Reggio Emilia, diminuiscono i lavoratori in cassa


A febbraio il numero dei lavoratori interessati agli ammortizzatori sociali diminuisce di quasi 2.400 unità. In particolare è consistente il calo del ricorso alla cassa integrazione ordinaria – meno 1.973 lavoratori. Rimane stabile il numero delle imprese e dei lavoratori interessati al Contratto di Solidarietà, mentre, a seguito dell’esaurirsi della possibilità di utilizzare ulteriormente la Cassa Integrazione Straordinaria, diminuiscono le imprese (meno 8) e i lavoratori (meno 426) interessati.

 

Entrando nel dettaglio si osserva come i lavoratori interessati agli ammortizzatori sociali siano 11.043 unità, con una diminuzione di 2.379 lavoratori rispetto a dicembre 2013. Rispetto al periodo gennaio/febbraio 2013, diminuiscono, nello stesso periodo 2014, le ore di cassa integrazione ordinaria del 47,7% e aumentano del 39,7% per le casse straordinarie e i contratti di solidarietà. Del 1.349.860 di ore autorizzate il 75,6% è stato utilizzato nell’industria, il 14,1% nel settore dell’edilizia e il 9,0% nel settore del commercio.
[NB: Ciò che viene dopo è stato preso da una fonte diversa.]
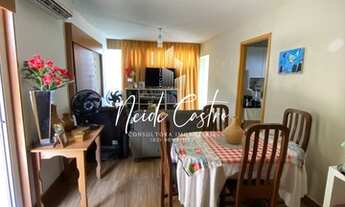 Imagem 2: Nascentes do Tarumã - 4 quartos - Tarumã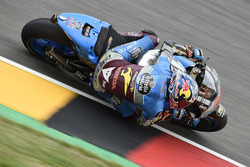 Jack Miller, Estrella Galicia 0,0 Marc VDS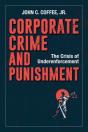 Corporate Crime And Punishment - Preview
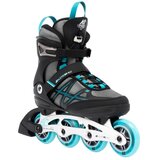 K2 Women's Inline Skates Alexis 80 Alu | Shoptok.si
A febbraio 2014, dall’inizio della crisi (2008), sono 234 le aziende che hanno attivato procedure di mobilità per 4.202 lavoratori (+ 271 rispetto a dicembre 2013).

 

Sono 48, invece, le imprese con ricorso alla cassa integrazione straordinaria che interessano 2.941 dipendenti: quasi tutte le aziende sono in procedura concorsuale o hanno cessato l’attività. Se non interverranno nel frattempo soluzioni alternative alla chiusura (come ad esempio l’acquisizione da parte di terzi), questi addetti rischiano la collocazione in mobilità al termine dell’utilizzo dell’ammortizzatore. I contratti di Solidarietà attivati sono 79 per complessivi 4.840 lavoratori coinvolti.

 

Sono già giunti al limite concedibile i ricorsi a CIGS e Contratto di Solidarietà in 308 imprese nel periodo dal 2009 al Febbraio 2014. Il 33,4% delle aziende è ricorsa ad un secondo o un terzo ammortizzatore sociale: dalla Cassa Straordinaria al Contratto di Solidarietà o viceversa, dalla Cassa Straordinaria a quella Ordinaria o alla Cassa in Deroga. Il 17,5% delle aziende ha invece cessato l’attività produttiva collocando i lavoratori in mobilità. Il 49,0% delle aziende (con 9.950 lavoratori coinvolti) hanno ripreso la normale attività lavorativa anche se, in diversi casi, il personale è stato ridimensionato anche per il semplice blocco del tourn-over.

 

“Continuano le difficoltà nel pagamento della cassa in deroga – dicono dal sindacato – a seguito del mancato finanziamento dell’ammortizzatore da parte del Governo; ci sono quindi migliaia di lavoratrici e lavoratori, perlopiù dipendenti di piccole imprese, che da mesi non percepiscono integrazioni salariali. Ci preoccupa inoltre quanto prospettato dall’attuale Governo: la totale liberalizzazione dei contratti a termine, la definizione di un contratto a tutele crescenti durante il quale permane la possibilità di licenziamento da parte dell’azienda, un ulteriore intervento sugli ammortizzatori sociali prevedendone una riduzione con l’abrogazione della Cassa in deroga. Ci sembra che le ricette siano sempre le stesse: un aumento della precarietà, meno tutele per i lavoratori, la riduzione del sostegno al reddito ai lavoratori dipendenti di aziende in crisi: tutto questo non ha mai creato un posto di lavoro in più. Sono bel altre le strade da percorrere se si vuole rilanciare l’occupazione nel rispetto dei diritti dei lavoratori”.